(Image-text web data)
↓↓↓
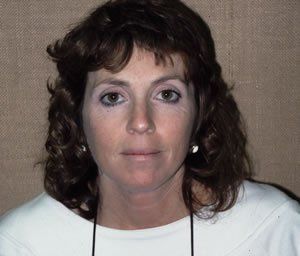 Blepharoplasty Dr. Joel Rein Blepharoplasty Dr. Joel Rein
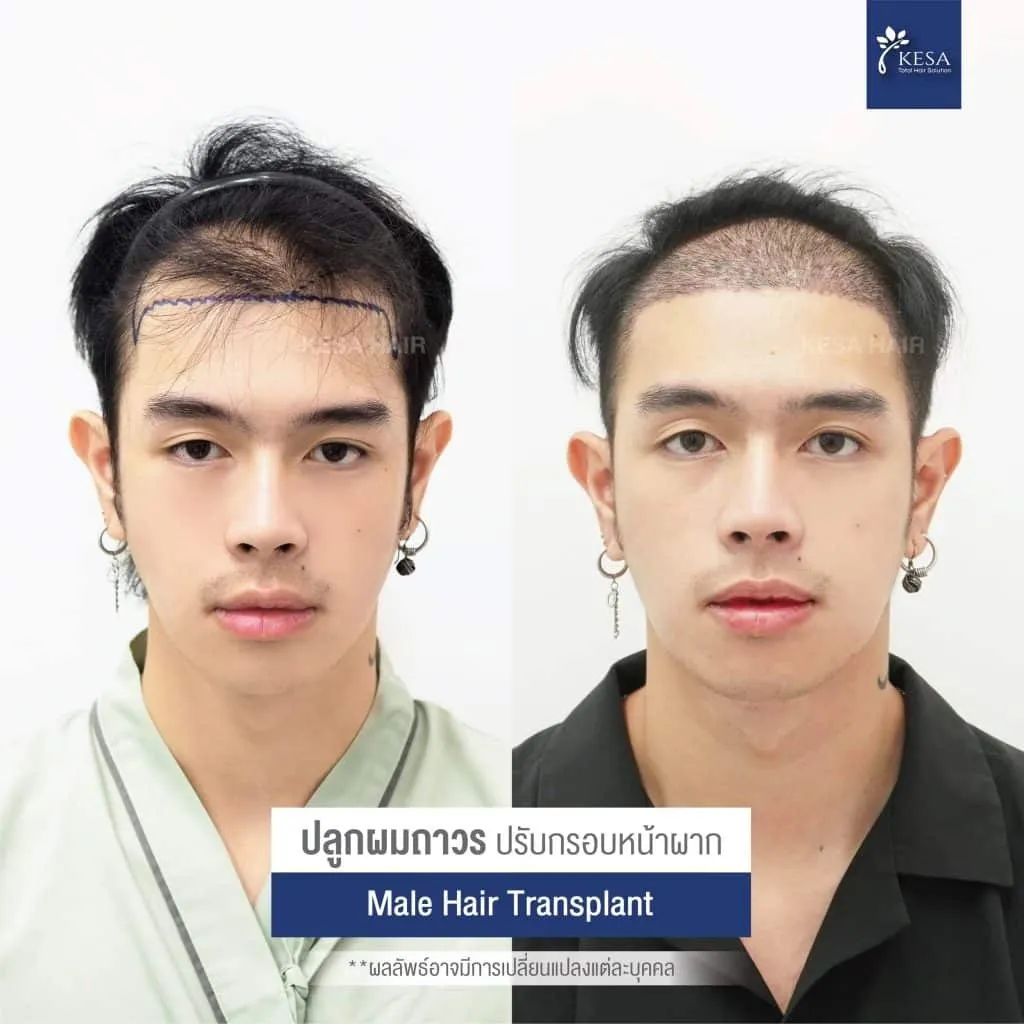 Review ปลูกผมที่เกศา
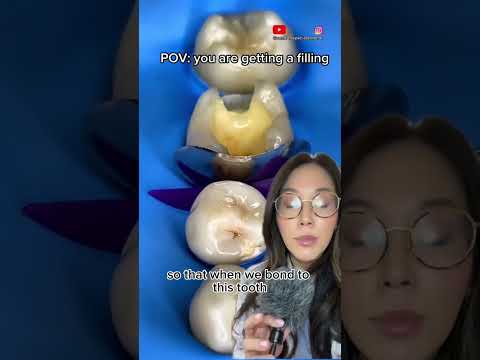 When fixing a cavity, here’s how we make sure your teeth don’t stick together. #cavity #filling
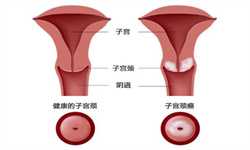 广州供卵试管包生吗，广州试管婴儿成功几率高吗？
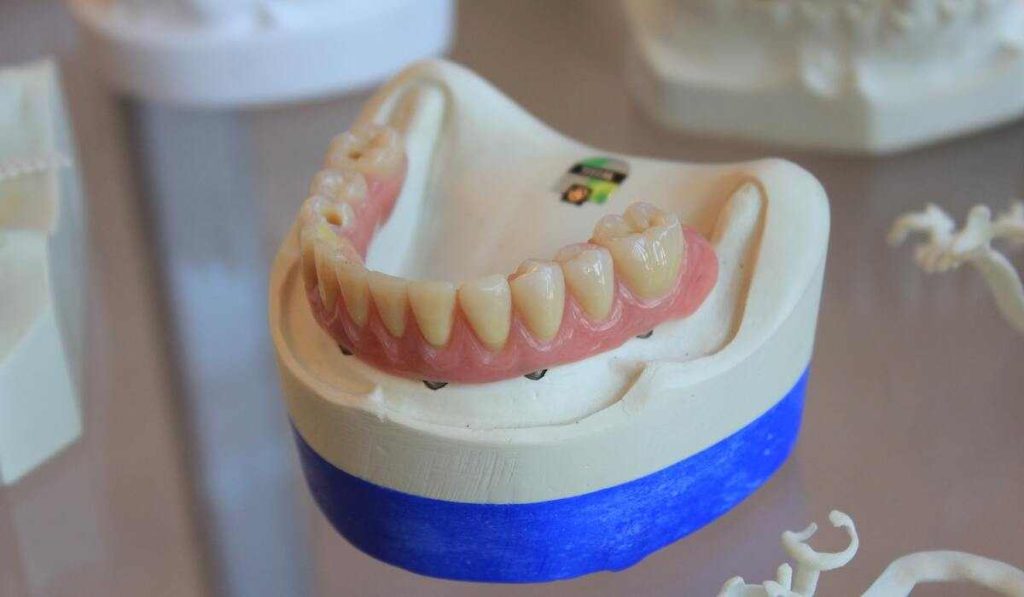 Dental implants in Melbourne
↑↑↑
● WHAT TO DO
What you need to copy is the run of lines from the one holding "广州供卵试管包生吗，广州试管婴儿成功几率高吗？" through the end of the data, exactly and only, both ends included, pictures omitted.

● TASK ANSWER
 广州供卵试管包生吗，广州试管婴儿成功几率高吗？
 Dental implants in Melbourne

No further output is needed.